The recent regulatory changes will provide the necessary impetus to mobile internet growth and drive investments in the sector. Guidelines around M&A, permission to sell and trade spectrum and allowing 100 per cent foreign direct investment (FDI) will ensure much needed consolidation and long-term viability in the sector. This will be good for consumers too. An important signal of the sentiment improving is the recently concluded auctions, which showed the operators were back in the market and investing again. Further, the acquisition of 1,800 Mhz spectrum by all of the top players points towards increased focus on data. Globally, 1,800 Mhz is emerging as the preferred band for 4G/LTE services. 3G network expansions are also already underway.
Businesses are also increasingly embracing mobility for service delivery and consumer engagement. A lot of the big consumer brands either have their own mobile app or are in the process of building one. Sectors like airline, media, hospitality, banking, FMCG, insurance, sports, entertainment and e-commerce are among the early adopters. Take entertainment for example - from trailers, to simultaneous apps and/or games to even simultaneous launches it is all happening. Zee Anmol was the first general entertainment channel in the television space to be simultaneously launched on mobile and television platforms. HUL launched a free radio-on-demand service on mobile phones to reach out to villagers in Bihar which has been a big success. The company has stopped advertising on radio in Bihar because its own channel reaches more people than any radio station. Striker, a recent movie was launched simultaneously on the screens and YouTube. Some examples of movie specific gaming apps have been Dhoom 3 and Krishh 3. Simultaneous music release launches are common place now. We are also seeing more spends moving to digital marketing.
Clearly, all pieces of the mobile internet juggernaut are moving and we expect them to accelerate further this year.
From an economic standpoint, this augurs well for the country. The impact of the internet on GDP has not been felt as it contributes a modest 1.6 per cent currently with just about 10 per cent penetration.
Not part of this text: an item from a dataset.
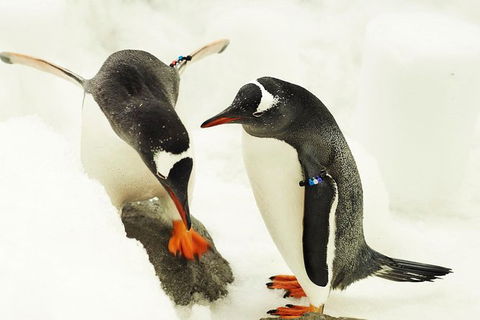 SEA LIFE Melbourne Aquarium Admission Ticket - Whitsundays Accommodation 15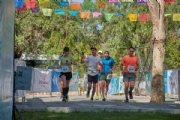 O3144880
This can grow to 2.8 to 3.3 per cent by 2015 contributing $100 billion to India's GDP according to McKinsey. More importantly, the internet and mobile collectively will create greater opportunities for people as it creates uniform access to markets, consumers, knowledge and tools and takes away the location advantage. Consider the mobile app ecosystem. A developer could be based anywhere in the country, can get access to tools online and develop apps and place them in app stores that give him access to consumers globally.